Skydive: Part Two

The stairs of the fire escape cast a fault-finding light.

L searches out the deep folds of Viv’s laughter lines, her profile, softening at the edges.

But the woman has disappeared. She is an apparition; she does not believe in queueing.

Then once she is at the front, she waves and calls: Darling, darling, which naturally, L loves.

Particularly when irate strangers make themselves heard:  

There’s always one.

To the back, back you go.

Streak of piss!

It transpired that L’s rangy figure and apologetic style were not conducive to skipping. He longed to retreat and join the mass of bodies, but Viv kept calling: Darling, Darling, and his face reddened. There could be no mistaking him.


This time, Viv’s call does not follow.

Lighter for it, he ushers the classically ugly man on crutches in ahead of him.
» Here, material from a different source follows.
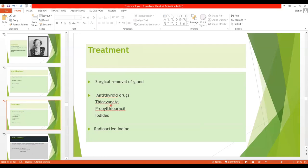Thiocyanate causes competitive inhibition of iodide transport into the cells, so iodide trapping is decreased. When less iodide enters the cells, it stops the formation of thyroid hormone. Propylthiouracil blocks the peroxidase enzyme, which is required for iodination of tyrosine — a very important step in the formation of thyroid hormone. It also blocks the coupling sequence, where iodinated tyrosines are coupled together to form thyroid hormone.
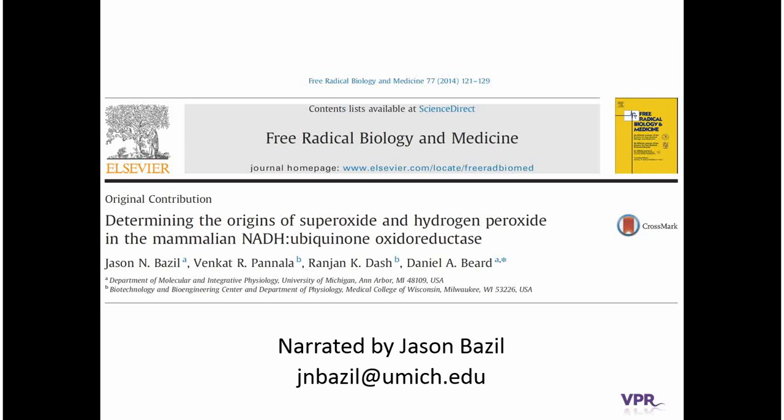Hello, my name is Jason Vavler. I'll be narrating this video, and in this video I'll go over a recent paper from the Beard Lab that looks at the mechanisms of reactive oxygen species generation from an enzyme known as Complex 1, which is an enzyme in the electron transfer chain in mitochondria. This paper was published in the end of 2014 in the journal Free Radical Biology and Medicine, and it was funded in part through the Virtual Physiological Rat Project.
Watches him travel upwards on the bannister, his meatless body shadowed beneath blue.

The nurse monotonously apologises to L and pulls the doors closed.

Silence unearths new depths and is for a short while pleasurable.

The three of them travel up the stairs in silence.

At a certain point, L asks the nurse where the liver unit is. The nurse answers: Third floor to the left, then right past the lifts, then second right, then left. You’ll see.


When he is alone on the third floor, he calls down the stairs: Viv? Viv?

It hits him then how much time he spends trying to feel things: outrage, guilt, a profound sense of impending loss. When in truth, he only recognises Viv’s feelings for her brother. She is inconsolable and often angry. She insists they say: I love you, and hug tightly before bed.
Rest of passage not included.